Midday snorkel with Rob at a fairly rough Long Bay. We got in, wearing spring suits, from a little beach a bit further on from the boat ramp on the north side, as the surf was quite rough. Someone dumped a car in the bay, just south of the boat ramp, giving us something to look at for a few minutes. Quite pleasant in, I'd guess around 18 degrees, but quite uncomfortable out (around 14 degrees with a stiff wind and some light rain).
Balthazar Getty and Molly Parker. Otherwise forgettable.
I braved the runoff from the recent rain and went for a mid-afternoon paddle at Gordons Bay. Beautiful day for it, warmish, heading for hot. The water remains temperate. Quite a few people snorkelling.
An early outing of the trademark Oliver Stone blunderbuss. Bogosian robustly voices endless schtick that is trite and cliched at this distance. The plot has an arc that wouldn't surprise a goldfish. Might've been better on the stage, or as a radio production.
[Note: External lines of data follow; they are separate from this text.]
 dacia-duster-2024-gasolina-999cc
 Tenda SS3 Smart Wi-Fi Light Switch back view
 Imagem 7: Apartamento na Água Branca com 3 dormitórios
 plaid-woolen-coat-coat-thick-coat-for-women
Early-afternoon snorkel with Rob at Bare Island. We took our time and made it all the way around, but the water was too murky to see much, and we had to swing wide on the ocean side due to the rock fishermen. Quite pleasant once in, in a spring suit at least, and the continuing forecasts of showers, thunderstorms and other rain events still fail to eventuate.
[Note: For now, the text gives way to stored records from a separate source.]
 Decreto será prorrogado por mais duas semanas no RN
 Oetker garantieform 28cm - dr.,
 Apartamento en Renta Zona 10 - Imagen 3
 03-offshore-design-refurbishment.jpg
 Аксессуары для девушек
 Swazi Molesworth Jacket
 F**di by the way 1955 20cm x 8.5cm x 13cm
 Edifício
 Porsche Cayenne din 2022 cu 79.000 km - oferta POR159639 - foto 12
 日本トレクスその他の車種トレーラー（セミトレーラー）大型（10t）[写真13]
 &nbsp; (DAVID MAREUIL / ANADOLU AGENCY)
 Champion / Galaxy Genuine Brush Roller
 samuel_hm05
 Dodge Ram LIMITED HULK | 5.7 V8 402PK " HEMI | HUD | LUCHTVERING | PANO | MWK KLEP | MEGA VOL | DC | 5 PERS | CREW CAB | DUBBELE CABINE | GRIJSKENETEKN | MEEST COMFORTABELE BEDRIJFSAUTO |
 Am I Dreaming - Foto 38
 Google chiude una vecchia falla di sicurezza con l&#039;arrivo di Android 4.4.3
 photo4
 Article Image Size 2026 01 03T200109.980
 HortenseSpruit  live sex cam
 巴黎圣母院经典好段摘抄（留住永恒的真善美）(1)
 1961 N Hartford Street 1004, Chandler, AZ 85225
I finished reading this book, a distillation and popularisation of their more technical The Ants, back on Christmas Day of last year, but have only now found time to write it up. Indeed, it is not worth trying to critically evaluate or summarise; suffice it to say that anyone with an interest in natural science should read it lock-stock.
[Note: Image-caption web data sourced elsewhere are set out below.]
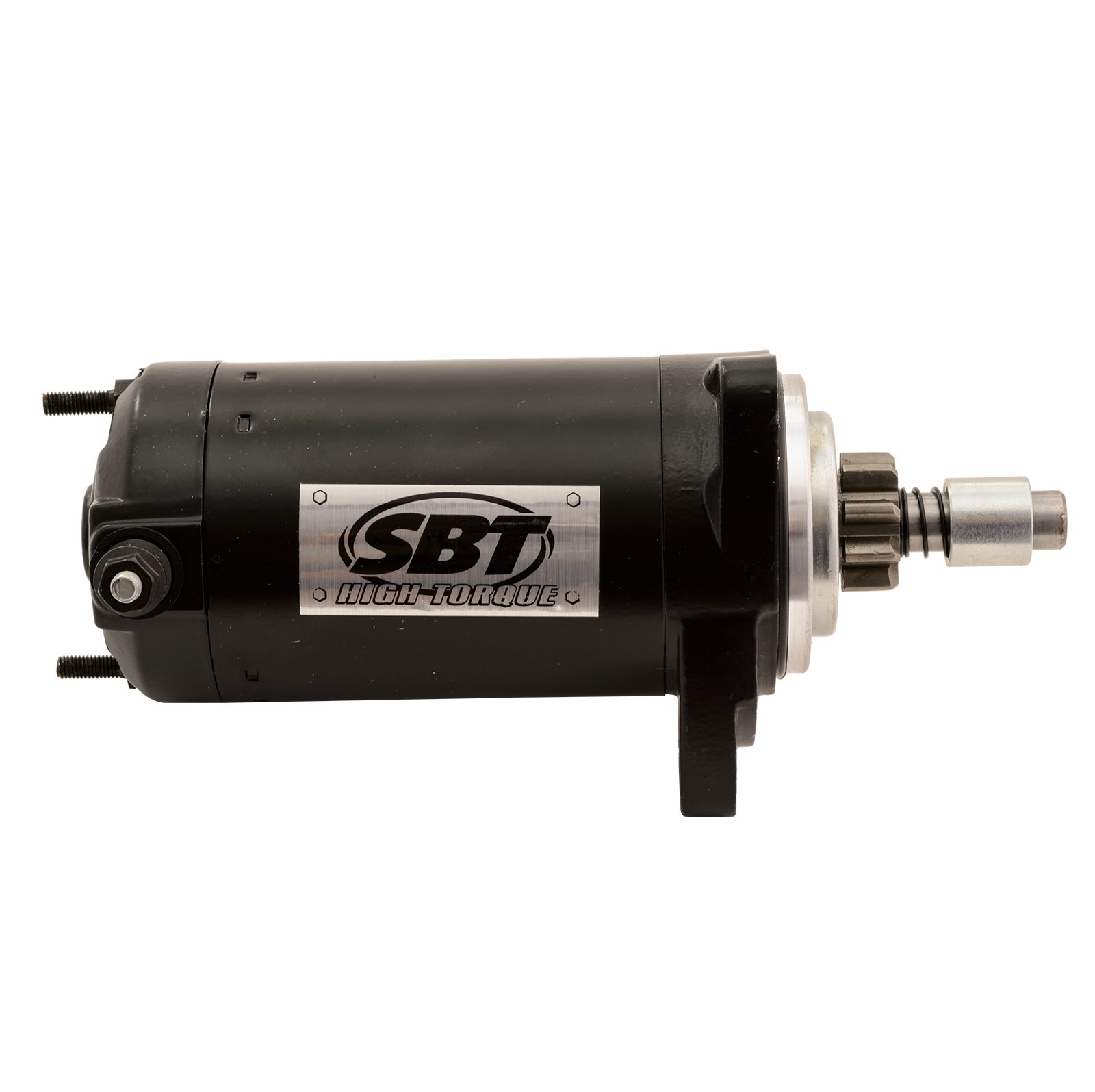 SBT Starter for Sea-Doo XP 800 /Challenger/1800 /GSX /GTX /XP /SPX 278001301 1995-1999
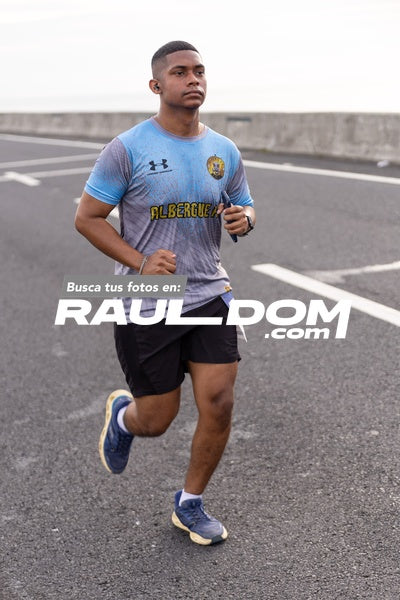 BimboGlobalRace-maxhsport-384.jpg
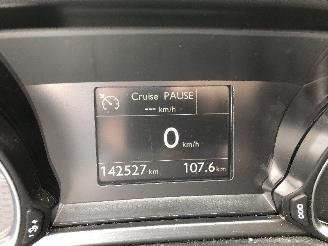 Peugeot 308 SW  1.6 THP 205 PS picture 9
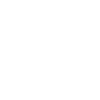 Jga Crew Junggesellenabschied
The highlights were the personal stories of how the authors came to study these insects, and the characteristics of the various ant species, specifically the leaf cutters (farmers of fungi), the weavers (assemblers of leaf nests), the bivouac-building army ants, and the aphid-shepherders. I'd be keen to see any of these in action. The art and photographs are amazing; you can get some idea from this National Geographic article on army ants.
The concept of eusociality is fascinating, and was apparently somewhat of a mystery to Charles Darwin, who intuited that that kind of specialisation depended on strong familial relationships. In essence, the question is why it would ever be more effective to put effort into raising sisters rather than one's own offspring. Work from the 1960s on kin selection explains this in terms of generational gene frequencies, and the author of the papers on the mathematical models, W. D. Hamilton, seems to be of the old naturalist school too. I want to understand this better.
Random things about the ants:
- Sydney Uni has an insect behaviour mob who have recently studied ant traffic control.
- Dad told me about the omnivorous Argentine ants that infested various parts of Sydney, and that they were one of the few exotic pests to be successfully eradicated. (Strangely enough this invasion story recurred in 2004.)
- Meat ants will supposedly save Australia from the cane toad. Dad reckons this predation vector was known before the toad was introduced.
- The authors have a new (2008) book out called The Superorganism. (Thanks to Tyler for the pointer.)
- Apparently some species of ants engage in voting protocols that some people perceive to be similar to how bees appear to do it.
I bought this book back in 2002, when it was first published, probably in the face of this SMAGE review that I may have read at the time. It has rotted on my shelf for that long, always too daunting with its references to too many people I've heard of but never paid any mind to. Until now, until now.
Well, that review was right. John Clarke well knows that the quality of a metaphor is in how it twangs when overextended, or how much inspiration Dali got from it fracturing. Unfortunately the biggest joy I got from this text beyond the inviting novelty of the first few chapters was finishing it.
Someone's taken the time to do a good vibes write-up of his and others' efforts on the Mekong Delta.